How to complete this task =
Leaving the images behind, copy every line of the records exactly.

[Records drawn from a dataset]
= = = = = = =

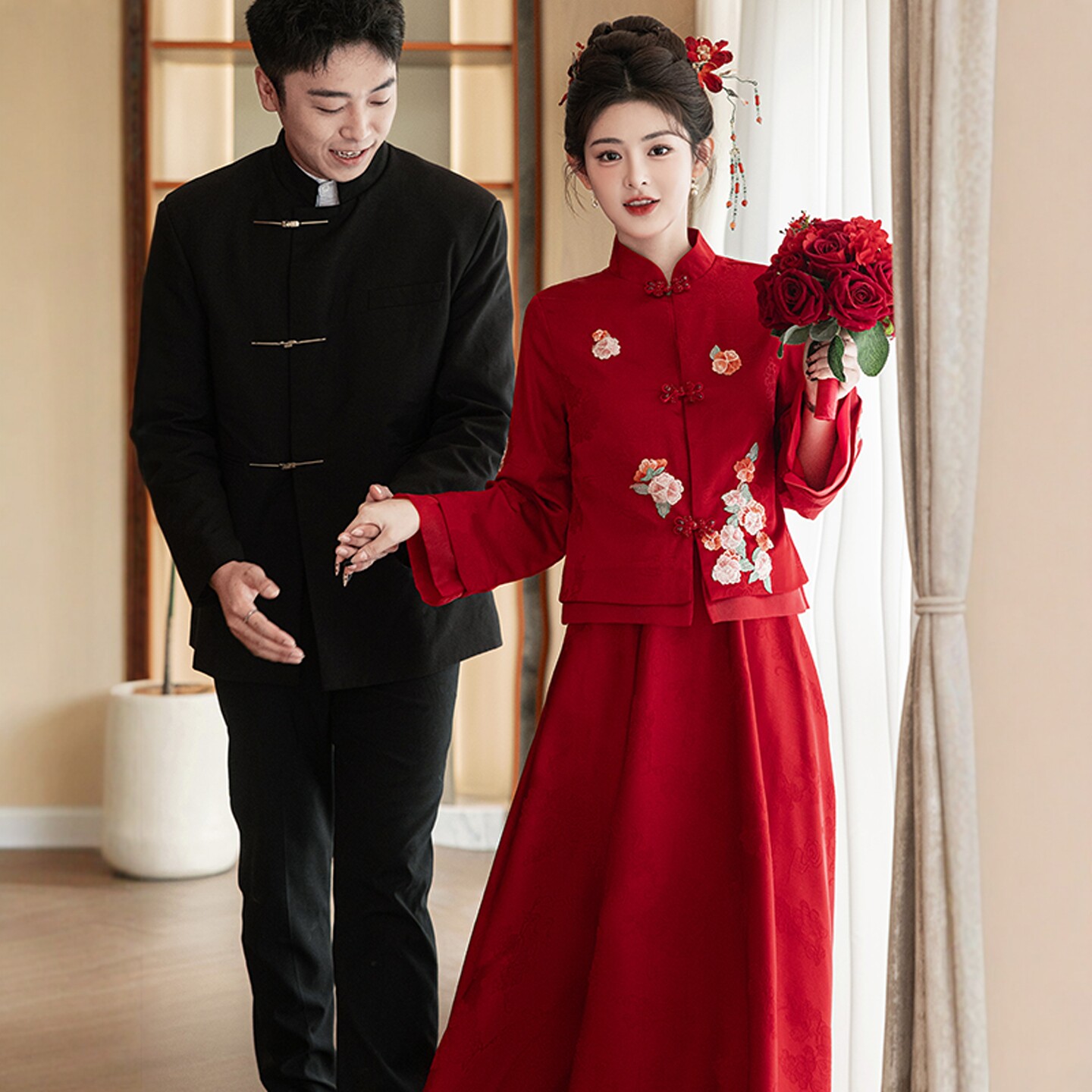 海棠记中式敬酒服新娘结婚秀禾服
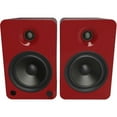 thumbnail image 5 of Kanto Living YU6 2-Way Powered Bookshelf Speakers (Pair, Crimson), 5 of 8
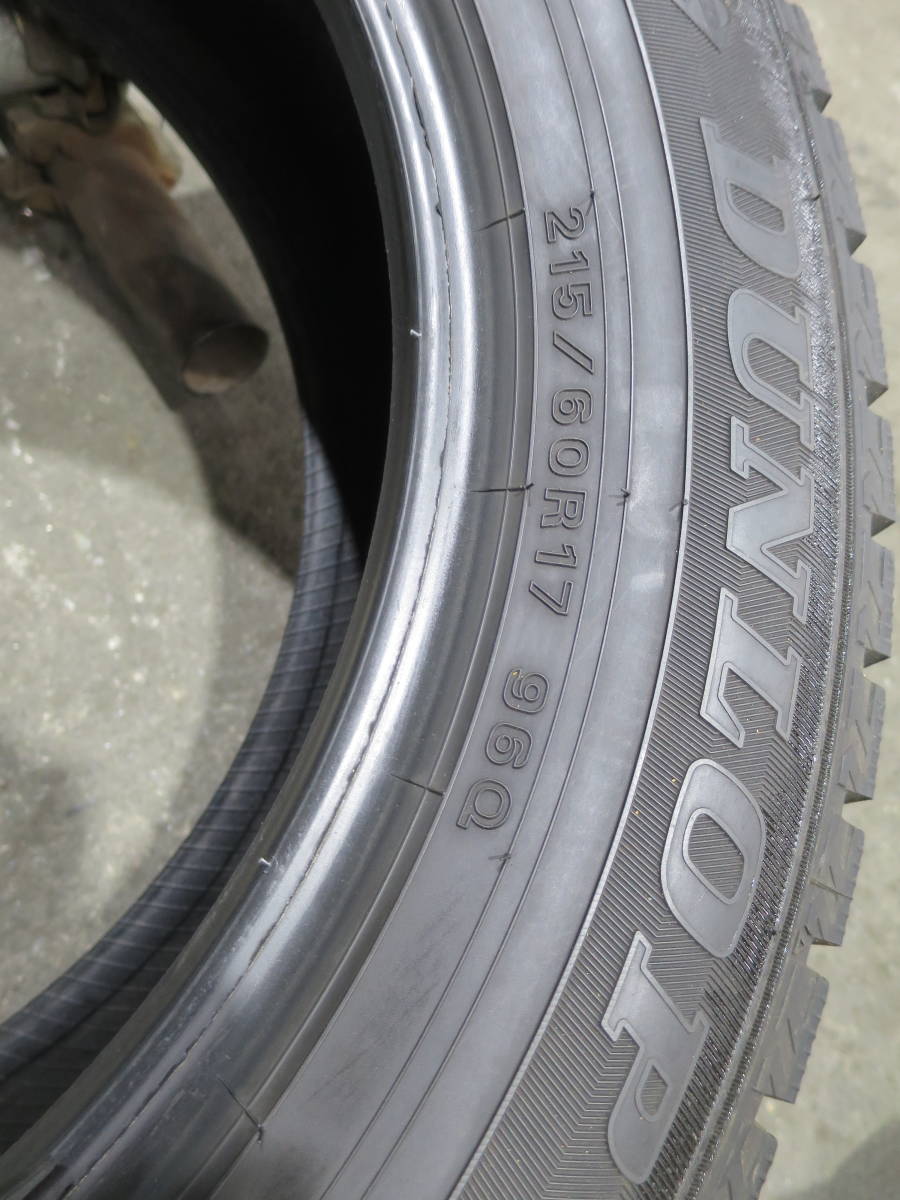 18年製バリ山 215/60R17 96Q ◆ダンロップ WINTER MAXX WM02◆ 4本 B770 スタッドレス_画像9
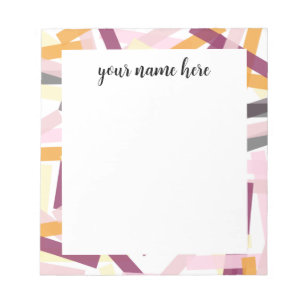 Personalised Colourful Stripes Notepad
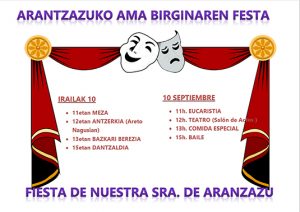 Celebramos la fiesta de Nuestra Señora de Aranzazu Arantzazu Amaren jaia ospatu dugu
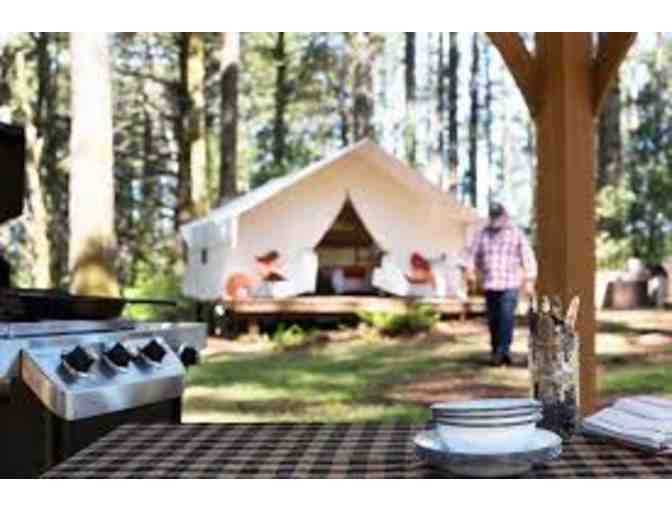 Two Nights Mid-Week for Two in a Classic Tent, Mendocino Grove, Mendocino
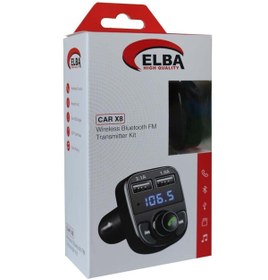 Resim ELBA Car X8 2usb Wireless Bluetooth Fm Transmitter Kit 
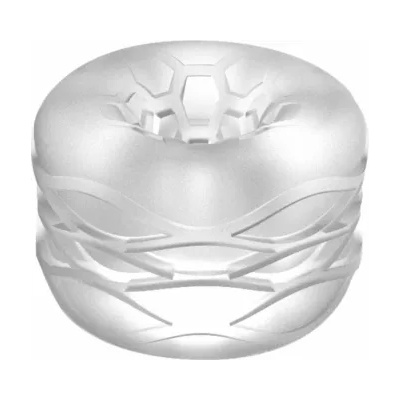 Shots Toys Еластичен мастурбатор с двоен релеф Sono №93 прозрачен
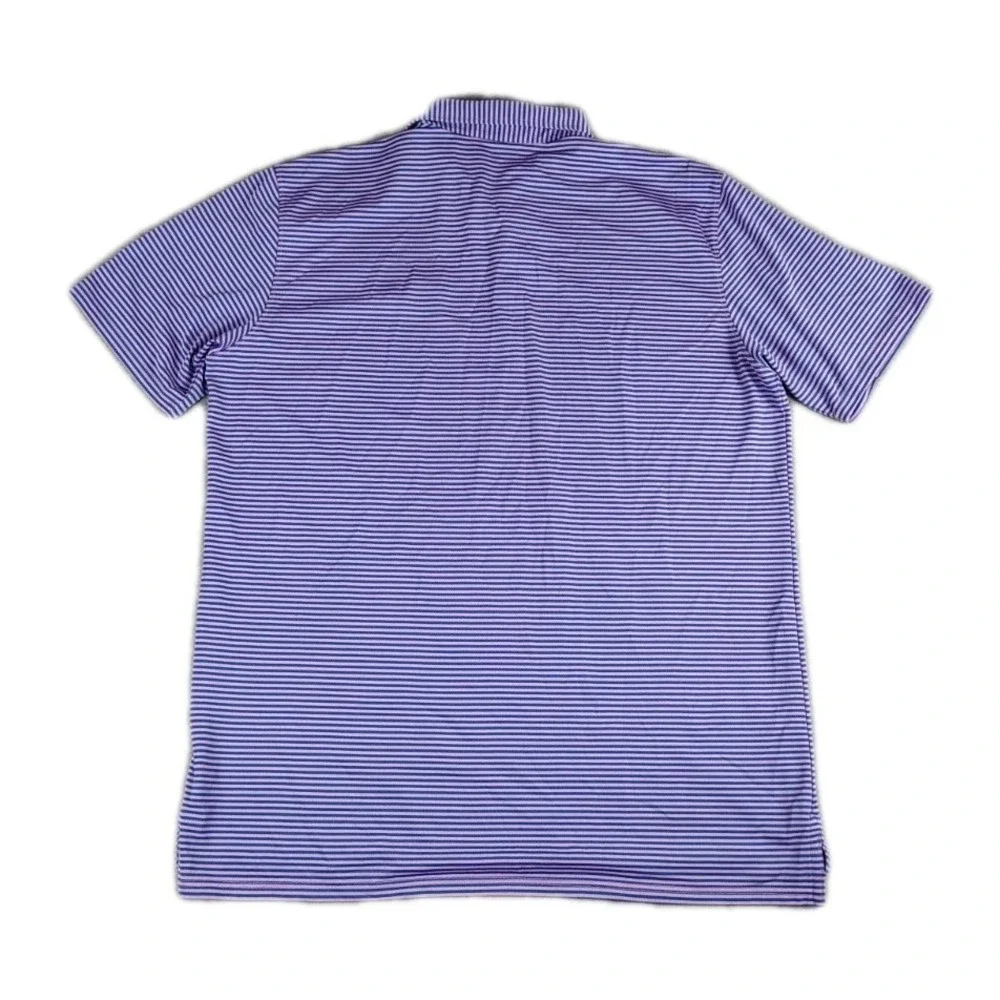 Holderness & Bourne Maxell Polo  Mens XL Striped Tailored Fit Fiji & Nevis Shirt - Picture 2 of 9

= = = = = = =

Response =
 海棠记中式敬酒服新娘结婚秀禾服
 thumbnail image 5 of Kanto Living YU6 2-Way Powered Bookshelf Speakers (Pair, Crimson), 5 of 8
 18年製バリ山 215/60R17 96Q ◆ダンロップ WINTER MAXX WM02◆ 4本 B770 スタッドレス_画像9
 Personalised Colourful Stripes Notepad
 Celebramos la fiesta de Nuestra Señora de Aranzazu Arantzazu Amaren jaia ospatu dugu
 Two Nights Mid-Week for Two in a Classic Tent, Mendocino Grove, Mendocino
 Resim ELBA Car X8 2usb Wireless Bluetooth Fm Transmitter Kit 
 Shots Toys Еластичен мастурбатор с двоен релеф Sono №93 прозрачен
 Holderness & Bourne Maxell Polo  Mens XL Striped Tailored Fit Fiji & Nevis Shirt - Picture 2 of 9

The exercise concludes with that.